Kegiatan ini dipimpin langsung oleh Kepala Divisi Peraturan Perundang-undangan dan Pembinaan Hukum Kemenkum Aceh, M. Ardiningrat Hidayat. Turut hadir pula Kabag Hukum Kota Subulussalam, Ketua Badan Legislasi DPRK Subulussalam, Plt. Kepala Dinas Pemuda, Olahraga, dan Pariwisata Kota Subulussalam, serta perwakilan sekretariat DPRK.
Pembahasan berfokus pada aspek redaksional, substansi, serta kesesuaian rancangan qanun dengan ketentuan perundang-undangan. Beberapa penyesuaian yang dibahas antara lain perbaikan judul, konsideran menimbang, dasar hukum, serta penyusunan ulang struktur bab agar lebih sistematis dan sesuai dengan Undang-Undang Nomor 12 Tahun 2011 tentang Pembentukan Peraturan Perundang-undangan serta perubahannya dalam Undang-Undang Nomor 13 Tahun 2022.
Ardiningrat menegaskan bahwa pengharmonisasian dilakukan untuk memastikan rancangan qanun memiliki legitimasi hukum yang kuat.
“Setiap qanun yang lahir harus memenuhi standar pembentukan peraturan perundang-undangan, baik dari sisi substansi maupun redaksional. Tujuan utamanya agar qanun ini efektif menjadi payung hukum pembangunan pariwisata di Subulussalam,” katanya.
Selain perbaikan redaksional, rapat juga menyarankan penambahan definisi penting dalam Bab Ketentuan Umum, termasuk istilah “Kampong” yang sering muncul dalam batang tubuh rancangan. Hal ini dimaksudkan untuk memberikan kepastian hukum sekaligus menjaga konsistensi istilah yang digunakan dalam qanun.
Perubahan lain yang mengemuka ialah penambahan Bab Perizinan dan Bab Partisipasi Masyarakat.
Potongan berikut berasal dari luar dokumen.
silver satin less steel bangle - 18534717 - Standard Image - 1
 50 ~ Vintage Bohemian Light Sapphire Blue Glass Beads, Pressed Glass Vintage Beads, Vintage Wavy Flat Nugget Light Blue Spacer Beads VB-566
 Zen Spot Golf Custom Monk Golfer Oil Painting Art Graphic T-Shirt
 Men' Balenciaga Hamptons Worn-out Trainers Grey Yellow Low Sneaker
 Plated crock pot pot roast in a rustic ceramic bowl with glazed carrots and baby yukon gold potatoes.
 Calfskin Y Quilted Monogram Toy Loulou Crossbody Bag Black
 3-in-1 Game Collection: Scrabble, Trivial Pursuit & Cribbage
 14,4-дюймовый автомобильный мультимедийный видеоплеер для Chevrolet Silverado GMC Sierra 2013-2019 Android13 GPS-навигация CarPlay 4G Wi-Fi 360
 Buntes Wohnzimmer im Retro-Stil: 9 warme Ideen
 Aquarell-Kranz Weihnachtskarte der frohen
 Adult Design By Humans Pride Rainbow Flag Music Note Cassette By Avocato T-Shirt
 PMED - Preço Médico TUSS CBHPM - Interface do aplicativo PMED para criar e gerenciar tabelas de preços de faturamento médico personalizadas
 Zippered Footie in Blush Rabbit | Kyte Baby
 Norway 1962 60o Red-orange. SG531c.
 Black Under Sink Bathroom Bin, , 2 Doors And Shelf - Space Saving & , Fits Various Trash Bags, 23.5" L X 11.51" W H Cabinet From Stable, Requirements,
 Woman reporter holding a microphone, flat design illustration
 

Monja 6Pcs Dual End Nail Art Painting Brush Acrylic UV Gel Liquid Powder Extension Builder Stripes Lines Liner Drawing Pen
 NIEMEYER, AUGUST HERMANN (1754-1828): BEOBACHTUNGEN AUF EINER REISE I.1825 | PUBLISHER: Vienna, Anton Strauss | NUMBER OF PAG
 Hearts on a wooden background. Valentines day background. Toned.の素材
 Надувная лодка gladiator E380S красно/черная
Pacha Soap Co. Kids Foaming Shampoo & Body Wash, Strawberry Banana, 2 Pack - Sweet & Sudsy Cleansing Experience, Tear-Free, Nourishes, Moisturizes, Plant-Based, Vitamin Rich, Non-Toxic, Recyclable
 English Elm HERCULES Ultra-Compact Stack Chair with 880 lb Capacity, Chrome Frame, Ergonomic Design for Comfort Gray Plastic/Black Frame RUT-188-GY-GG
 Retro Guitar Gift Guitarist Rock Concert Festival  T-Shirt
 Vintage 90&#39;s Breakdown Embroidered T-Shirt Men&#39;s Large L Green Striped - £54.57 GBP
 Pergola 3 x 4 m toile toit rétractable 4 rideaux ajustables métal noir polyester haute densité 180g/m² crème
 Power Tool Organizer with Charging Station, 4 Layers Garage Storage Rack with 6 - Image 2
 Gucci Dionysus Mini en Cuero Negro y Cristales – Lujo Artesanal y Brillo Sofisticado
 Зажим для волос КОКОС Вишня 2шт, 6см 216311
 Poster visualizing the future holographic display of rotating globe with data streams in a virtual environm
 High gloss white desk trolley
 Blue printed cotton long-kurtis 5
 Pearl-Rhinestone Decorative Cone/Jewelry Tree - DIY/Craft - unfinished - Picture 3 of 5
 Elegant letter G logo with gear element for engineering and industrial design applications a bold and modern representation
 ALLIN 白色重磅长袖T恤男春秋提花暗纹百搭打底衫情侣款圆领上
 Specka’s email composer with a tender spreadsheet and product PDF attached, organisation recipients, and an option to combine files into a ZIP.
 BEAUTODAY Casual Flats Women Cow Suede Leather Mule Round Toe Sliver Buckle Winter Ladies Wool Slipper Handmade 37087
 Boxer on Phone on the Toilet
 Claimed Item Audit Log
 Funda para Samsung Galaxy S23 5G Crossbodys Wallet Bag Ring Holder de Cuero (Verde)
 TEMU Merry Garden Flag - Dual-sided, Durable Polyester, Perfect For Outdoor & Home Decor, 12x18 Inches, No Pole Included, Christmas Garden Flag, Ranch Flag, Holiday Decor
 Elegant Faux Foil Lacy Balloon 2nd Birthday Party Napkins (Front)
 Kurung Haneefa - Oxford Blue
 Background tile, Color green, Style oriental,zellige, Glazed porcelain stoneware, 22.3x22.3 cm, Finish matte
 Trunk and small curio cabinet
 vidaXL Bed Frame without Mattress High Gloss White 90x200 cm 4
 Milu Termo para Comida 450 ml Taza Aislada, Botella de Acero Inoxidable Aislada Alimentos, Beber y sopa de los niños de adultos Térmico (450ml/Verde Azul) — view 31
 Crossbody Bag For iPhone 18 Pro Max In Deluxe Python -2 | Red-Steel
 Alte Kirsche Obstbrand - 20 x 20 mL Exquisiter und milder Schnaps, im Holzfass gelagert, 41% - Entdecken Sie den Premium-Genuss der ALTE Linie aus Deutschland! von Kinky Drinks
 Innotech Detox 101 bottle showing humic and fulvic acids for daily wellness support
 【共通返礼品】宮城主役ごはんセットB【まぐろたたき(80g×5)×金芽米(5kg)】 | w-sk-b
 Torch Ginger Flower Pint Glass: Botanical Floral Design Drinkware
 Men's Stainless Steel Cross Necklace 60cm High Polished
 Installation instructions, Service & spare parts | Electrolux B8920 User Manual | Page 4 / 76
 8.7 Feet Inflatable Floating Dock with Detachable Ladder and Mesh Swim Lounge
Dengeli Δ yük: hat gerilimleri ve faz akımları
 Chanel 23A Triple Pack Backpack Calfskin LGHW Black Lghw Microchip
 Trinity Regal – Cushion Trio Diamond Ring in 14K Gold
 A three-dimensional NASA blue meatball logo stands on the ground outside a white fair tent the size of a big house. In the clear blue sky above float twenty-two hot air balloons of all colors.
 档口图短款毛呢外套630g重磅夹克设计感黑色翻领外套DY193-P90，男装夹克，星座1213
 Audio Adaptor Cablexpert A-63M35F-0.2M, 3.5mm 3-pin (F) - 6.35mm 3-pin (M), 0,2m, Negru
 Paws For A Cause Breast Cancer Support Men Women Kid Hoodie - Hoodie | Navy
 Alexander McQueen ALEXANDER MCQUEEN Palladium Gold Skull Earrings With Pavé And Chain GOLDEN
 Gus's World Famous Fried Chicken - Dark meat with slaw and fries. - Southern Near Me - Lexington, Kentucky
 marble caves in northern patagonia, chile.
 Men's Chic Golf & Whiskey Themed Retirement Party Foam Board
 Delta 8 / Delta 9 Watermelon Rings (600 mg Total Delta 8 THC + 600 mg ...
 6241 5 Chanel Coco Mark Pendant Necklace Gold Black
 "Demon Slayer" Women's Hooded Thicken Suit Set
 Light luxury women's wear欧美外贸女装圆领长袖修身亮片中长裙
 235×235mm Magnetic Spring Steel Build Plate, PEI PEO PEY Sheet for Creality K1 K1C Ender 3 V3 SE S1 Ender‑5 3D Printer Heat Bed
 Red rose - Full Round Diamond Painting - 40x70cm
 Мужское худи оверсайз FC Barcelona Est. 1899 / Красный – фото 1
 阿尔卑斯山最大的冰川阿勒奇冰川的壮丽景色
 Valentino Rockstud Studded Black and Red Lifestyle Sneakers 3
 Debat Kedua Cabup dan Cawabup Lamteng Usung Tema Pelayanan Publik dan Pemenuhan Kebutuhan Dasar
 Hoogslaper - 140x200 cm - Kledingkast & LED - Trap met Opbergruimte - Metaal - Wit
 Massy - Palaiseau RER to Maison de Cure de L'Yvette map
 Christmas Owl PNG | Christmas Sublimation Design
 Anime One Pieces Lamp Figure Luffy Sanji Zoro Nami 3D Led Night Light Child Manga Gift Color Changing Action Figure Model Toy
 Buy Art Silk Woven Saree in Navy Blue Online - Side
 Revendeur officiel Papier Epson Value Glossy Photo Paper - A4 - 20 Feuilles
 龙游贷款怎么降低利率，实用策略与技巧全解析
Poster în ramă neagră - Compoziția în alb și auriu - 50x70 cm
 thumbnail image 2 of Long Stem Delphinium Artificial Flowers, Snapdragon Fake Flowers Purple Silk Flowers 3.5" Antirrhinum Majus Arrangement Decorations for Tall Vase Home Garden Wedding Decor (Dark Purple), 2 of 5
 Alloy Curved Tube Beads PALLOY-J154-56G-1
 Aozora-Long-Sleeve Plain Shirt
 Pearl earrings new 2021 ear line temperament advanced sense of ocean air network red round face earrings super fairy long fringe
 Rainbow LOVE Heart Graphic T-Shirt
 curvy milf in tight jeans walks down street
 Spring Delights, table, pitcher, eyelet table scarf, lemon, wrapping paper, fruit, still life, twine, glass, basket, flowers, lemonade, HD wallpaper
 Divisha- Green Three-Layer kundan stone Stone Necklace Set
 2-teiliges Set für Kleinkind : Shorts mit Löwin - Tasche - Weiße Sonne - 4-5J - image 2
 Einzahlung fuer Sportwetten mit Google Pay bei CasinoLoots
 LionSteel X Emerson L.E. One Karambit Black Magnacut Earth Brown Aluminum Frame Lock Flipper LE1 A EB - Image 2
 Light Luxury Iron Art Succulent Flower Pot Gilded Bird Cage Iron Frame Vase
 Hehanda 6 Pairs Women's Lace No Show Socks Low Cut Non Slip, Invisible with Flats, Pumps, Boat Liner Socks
Bab Perizinan mengatur mekanisme berbasis risiko melalui sistem elektronik, sementara Bab Partisipasi Masyarakat menegaskan hak warga untuk terlibat aktif dalam perencanaan hingga pengembangan pariwisata.
Ardiningrat juga menambahkan, rancangan qanun ini tidak hanya berbicara tentang regulasi, tetapi juga arah pembangunan jangka panjang.
“Ripparkota ini harus menjadi dokumen strategis yang mengakomodasi potensi ekowisata, budaya lokal, hingga industri kreatif, sehingga pariwisata Subulussalam benar-benar memberi manfaat bagi masyarakat,” ujarnya.
Hasil rapat harmonisasi ini diharapkan mampu memperkuat rancangan qanun sebelum dibahas lebih lanjut dalam mekanisme legislasi daerah. Dengan demikian, Qanun Rencana Induk Pembangunan Kepariwisataan Subulussalam 2025–2040 dapat menjadi instrumen hukum yang kokoh, relevan, dan berkelanjutan bagi pembangunan sektor pariwisata di kota Subulussalam.